In our first model (model A), we aimed to investigate the overall effects of exposure to nearby ED closures and openings (net of all underlying mechanisms) on a bystander hospital. In addition to the seven indicators that captured various degrees of exposure to nearby ED closures or openings, model A included hospital characteristics (such as ownership; teaching status; case-mix index; total hospital beds; system membership status; Herfindahl-Hirschman Index, which captures the competitiveness of the hospital market; and availability of cardiac care technology), year dummies to capture macro trends in outcomes over the study period, and patient demographic characteristics (such as sex and race) as control variables. In our second model (model B), we augmented model A by adding age and twenty-two Elixhauser patient comorbid indicators to control for underlying patient health factors. In our third model (model C), we augmented model B by adding treatment received variables. We used the comparison between models A and B to explore the extent to which the observed changes in patient outcomes at the exposed bystander ED might be due to differences in the underlying patient comorbidity distribution, and we used the comparison between models B and C to investigate the impact due to differences in treatment received. To further explore how processes of care in the bystander ED might be affected by exposure to an ED opening or closure, we examined treatment outcomes using model B.

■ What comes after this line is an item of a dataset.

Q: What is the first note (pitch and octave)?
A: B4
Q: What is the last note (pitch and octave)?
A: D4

We performed all analyses using Stata software, release 14. We obtained approval for this study through the University of California San Francisco Institutional Review Board.
Limitations
Our study had several limitations. First, our occupancy rate used licensed beds as the denominator, which is often a significant overestimation of the actual number of staffed beds26,27 and thus suggests that our findings were conservative. While the absolute level of what is considered at or under capacity may change based on the denominator, the magnitude of our findings should not—since a change in the denominator would be applied equally to all quartiles of our hospital capacity measure.

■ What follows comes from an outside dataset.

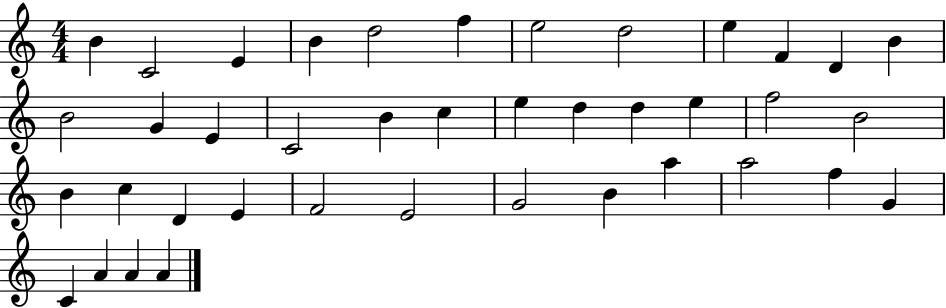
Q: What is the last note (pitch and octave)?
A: A4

Second, our driving time computations were based on Google Maps queries and therefore subject to traffic and road conditions at the time of the queries, which might not be consistent across all times of patient admissions in our sample. However, we expect the measurement error to likely bias our estimates toward zero.
Third, we could not identify patients who might have switched EDs in the event of an ED opening or closure nearby and therefore be unaffected. Therefore, our estimates are likely to be more conservative than the true effect, because our sample included patients whose travel time would not be affected. However, we would expect the change in patient burden and resources to affect care for all admitted patients.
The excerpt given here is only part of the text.